Amazon AWS S3 Integration

Integrate with AWS S3 to perform automated content classification on your data buckets

What this integration does:

Performs content scanning on objects in an S3 Bucket to detect and map the types of data that are stored inside of it.

The integration supports scanning and identifying data types inside many different file and document types.

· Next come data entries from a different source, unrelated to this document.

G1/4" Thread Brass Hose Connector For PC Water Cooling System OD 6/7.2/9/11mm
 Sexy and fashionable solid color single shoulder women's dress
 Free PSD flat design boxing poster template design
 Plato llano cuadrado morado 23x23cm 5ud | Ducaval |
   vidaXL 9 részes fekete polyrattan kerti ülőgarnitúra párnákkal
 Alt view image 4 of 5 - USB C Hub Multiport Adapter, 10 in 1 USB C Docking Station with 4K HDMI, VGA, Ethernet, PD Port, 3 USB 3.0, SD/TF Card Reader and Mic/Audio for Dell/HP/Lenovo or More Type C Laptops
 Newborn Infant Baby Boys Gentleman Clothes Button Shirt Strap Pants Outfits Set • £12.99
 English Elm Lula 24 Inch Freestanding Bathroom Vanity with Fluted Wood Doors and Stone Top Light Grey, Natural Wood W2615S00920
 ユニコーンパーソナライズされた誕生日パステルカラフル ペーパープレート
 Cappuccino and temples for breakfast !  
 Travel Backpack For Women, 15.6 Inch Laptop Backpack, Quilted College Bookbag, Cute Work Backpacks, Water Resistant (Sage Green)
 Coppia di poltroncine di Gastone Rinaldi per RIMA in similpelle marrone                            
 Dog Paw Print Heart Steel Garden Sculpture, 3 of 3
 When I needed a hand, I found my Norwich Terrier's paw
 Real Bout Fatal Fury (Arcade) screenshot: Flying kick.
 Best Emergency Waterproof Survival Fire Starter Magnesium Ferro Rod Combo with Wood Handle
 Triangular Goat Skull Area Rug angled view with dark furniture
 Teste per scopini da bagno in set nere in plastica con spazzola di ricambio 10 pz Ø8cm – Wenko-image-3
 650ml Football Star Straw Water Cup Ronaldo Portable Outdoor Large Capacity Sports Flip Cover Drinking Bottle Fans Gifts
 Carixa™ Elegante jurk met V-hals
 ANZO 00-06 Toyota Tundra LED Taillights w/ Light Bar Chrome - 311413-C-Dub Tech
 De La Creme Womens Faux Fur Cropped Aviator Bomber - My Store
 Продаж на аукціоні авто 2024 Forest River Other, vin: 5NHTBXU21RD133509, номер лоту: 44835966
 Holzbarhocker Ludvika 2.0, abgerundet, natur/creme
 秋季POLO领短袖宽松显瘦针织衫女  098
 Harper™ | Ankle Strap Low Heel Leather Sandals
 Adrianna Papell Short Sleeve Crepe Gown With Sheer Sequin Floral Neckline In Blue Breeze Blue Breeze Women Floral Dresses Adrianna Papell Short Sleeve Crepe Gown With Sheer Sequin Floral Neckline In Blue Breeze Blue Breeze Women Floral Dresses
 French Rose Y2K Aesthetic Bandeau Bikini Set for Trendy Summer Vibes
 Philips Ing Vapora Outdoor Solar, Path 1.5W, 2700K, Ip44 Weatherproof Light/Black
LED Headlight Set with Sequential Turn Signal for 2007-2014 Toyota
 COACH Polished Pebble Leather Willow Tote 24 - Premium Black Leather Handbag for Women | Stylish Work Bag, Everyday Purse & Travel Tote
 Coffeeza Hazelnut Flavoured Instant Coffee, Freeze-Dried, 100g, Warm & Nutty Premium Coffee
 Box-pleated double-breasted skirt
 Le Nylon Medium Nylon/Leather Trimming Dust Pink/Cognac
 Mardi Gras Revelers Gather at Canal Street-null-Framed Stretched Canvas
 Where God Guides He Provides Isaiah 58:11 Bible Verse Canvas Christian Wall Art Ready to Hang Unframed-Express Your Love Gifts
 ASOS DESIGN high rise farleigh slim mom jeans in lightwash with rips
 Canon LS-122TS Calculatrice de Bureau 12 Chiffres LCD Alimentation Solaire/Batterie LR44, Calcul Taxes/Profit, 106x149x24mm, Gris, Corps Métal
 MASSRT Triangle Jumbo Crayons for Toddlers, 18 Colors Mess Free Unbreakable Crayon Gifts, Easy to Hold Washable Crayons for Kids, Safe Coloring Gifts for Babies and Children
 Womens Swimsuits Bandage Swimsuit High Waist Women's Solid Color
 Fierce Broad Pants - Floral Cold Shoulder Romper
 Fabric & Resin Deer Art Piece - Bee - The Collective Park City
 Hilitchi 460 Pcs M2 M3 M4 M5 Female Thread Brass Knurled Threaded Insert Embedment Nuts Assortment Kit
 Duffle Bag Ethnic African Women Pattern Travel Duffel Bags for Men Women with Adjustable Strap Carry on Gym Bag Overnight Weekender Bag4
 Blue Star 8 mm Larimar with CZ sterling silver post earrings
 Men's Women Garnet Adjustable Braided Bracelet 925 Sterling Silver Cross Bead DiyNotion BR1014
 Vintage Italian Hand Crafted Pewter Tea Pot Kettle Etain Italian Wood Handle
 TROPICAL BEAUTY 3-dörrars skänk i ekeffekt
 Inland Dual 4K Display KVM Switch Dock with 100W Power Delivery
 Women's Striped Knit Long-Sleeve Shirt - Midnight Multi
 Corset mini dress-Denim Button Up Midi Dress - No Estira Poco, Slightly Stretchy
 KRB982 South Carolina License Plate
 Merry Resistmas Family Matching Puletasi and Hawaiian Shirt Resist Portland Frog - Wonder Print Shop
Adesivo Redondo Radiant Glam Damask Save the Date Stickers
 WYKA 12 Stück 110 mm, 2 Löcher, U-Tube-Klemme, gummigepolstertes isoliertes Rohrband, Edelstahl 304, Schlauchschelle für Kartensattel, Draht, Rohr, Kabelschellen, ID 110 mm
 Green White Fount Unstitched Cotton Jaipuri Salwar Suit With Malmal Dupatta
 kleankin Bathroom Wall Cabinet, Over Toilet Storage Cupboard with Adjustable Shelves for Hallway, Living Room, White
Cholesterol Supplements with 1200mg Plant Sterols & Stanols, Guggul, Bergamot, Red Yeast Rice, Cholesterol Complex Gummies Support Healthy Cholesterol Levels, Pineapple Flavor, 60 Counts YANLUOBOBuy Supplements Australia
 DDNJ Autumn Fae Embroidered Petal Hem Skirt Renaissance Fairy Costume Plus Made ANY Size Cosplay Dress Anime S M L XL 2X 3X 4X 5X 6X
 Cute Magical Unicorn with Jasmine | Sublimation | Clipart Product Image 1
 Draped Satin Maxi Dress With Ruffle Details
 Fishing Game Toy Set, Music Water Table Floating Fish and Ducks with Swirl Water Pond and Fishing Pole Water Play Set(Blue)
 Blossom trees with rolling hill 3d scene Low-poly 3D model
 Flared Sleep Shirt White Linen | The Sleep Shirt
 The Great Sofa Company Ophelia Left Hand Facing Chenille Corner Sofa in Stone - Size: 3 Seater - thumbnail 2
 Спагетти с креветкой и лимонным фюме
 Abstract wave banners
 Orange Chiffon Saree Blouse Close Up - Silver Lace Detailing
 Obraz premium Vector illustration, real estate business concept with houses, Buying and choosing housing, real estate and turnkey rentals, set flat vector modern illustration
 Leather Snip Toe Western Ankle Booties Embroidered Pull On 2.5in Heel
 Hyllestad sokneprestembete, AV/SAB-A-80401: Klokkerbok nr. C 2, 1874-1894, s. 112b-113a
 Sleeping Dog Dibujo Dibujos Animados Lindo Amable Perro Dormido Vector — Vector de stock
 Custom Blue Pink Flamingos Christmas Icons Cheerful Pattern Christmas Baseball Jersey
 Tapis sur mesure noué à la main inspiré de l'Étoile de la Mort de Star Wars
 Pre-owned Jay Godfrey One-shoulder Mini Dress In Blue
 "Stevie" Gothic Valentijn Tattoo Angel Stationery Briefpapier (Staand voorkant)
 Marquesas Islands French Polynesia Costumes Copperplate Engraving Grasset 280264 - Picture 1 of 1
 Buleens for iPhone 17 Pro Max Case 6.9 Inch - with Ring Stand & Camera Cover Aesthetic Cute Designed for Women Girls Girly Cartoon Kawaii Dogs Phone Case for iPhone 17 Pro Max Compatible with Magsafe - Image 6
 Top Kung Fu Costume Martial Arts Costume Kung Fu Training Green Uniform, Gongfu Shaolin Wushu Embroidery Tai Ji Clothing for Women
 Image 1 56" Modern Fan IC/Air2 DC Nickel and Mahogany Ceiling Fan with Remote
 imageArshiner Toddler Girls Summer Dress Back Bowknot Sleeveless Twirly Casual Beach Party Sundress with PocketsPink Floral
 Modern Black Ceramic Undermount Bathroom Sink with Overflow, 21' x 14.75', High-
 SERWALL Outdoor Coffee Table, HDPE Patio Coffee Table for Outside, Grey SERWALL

For more information see below.

 

Before you start, make sure you have:

  • Access to Mine PrivacyOps account with a plan that supports Data Mapping
  • Access to your Amazon AWS account with permissions to manage IAM identities.

 

Setting up

On your AWS account:

  1. Go to IAM -> Users -> Add New Users
  2. Type "mine-privacy-ops" as the name, select "Access Key" and click Next
  3. Select "Attach existing policies directly" and type s3 on the search.
  4. Select AmazonS3ReadOnlyAccess and click Next
  5. On the tags page, leave it empty and click Next
  6. Click Create User
  7. Copy and paste the Access Key ID and Secret access key from this page to Mine PrivacyOps

 

On your Mine Privacy Ops account:

  1. Login to the account at https://portal.saymine.com and click Data Inventory -> Data Sources -> Add Data Source
  2. Select Amazon AWS S3 from the list and click Add
  3. Click the system from the list to open the settings page and select "Integration"
  4. Paste the Access Key ID and Secret Access Key from the previous part.
  5. Type the name of the bucket you would like to scan under Bucket Name
  6. Click Test your integration. If you got a success message, click Save
  7. If you would like to add more buckets, simply click the "+ Create Instance" link at the bottom and type in another bucket name. You can reuse the same Key secret & ID.

 

Supported File Types

Mine's content classification supports the following file types by extracting text from the files and performing classification:

  1. Apache Avro (.avro) - There are limits on maximum block size, file size, number of columns etc.
  2. .csv .tsv
  3. PDF - File size limit: 30MB
  4. Textual files
  5. Microsoft Word - File size limit: 30MB
  6. Microsoft Excel - File size limit: 30MB
  7. Microsoft Powerpoint - File size limit: 30MB
Note: Encrypted buckets are supported.
Other file types not listed are not supported, including:
  1. Archives - are not supported.
  2. Image files (with OCR) - not yet supported, although it is planned.
 

Limitations

  1. "Requestor pays" buckets are not supported.
  2. Compressed objects (gzip) are not currently supported.
  3. The system supports scanning multiple buckets. If the number of buckets is very large - that’s not currently supported.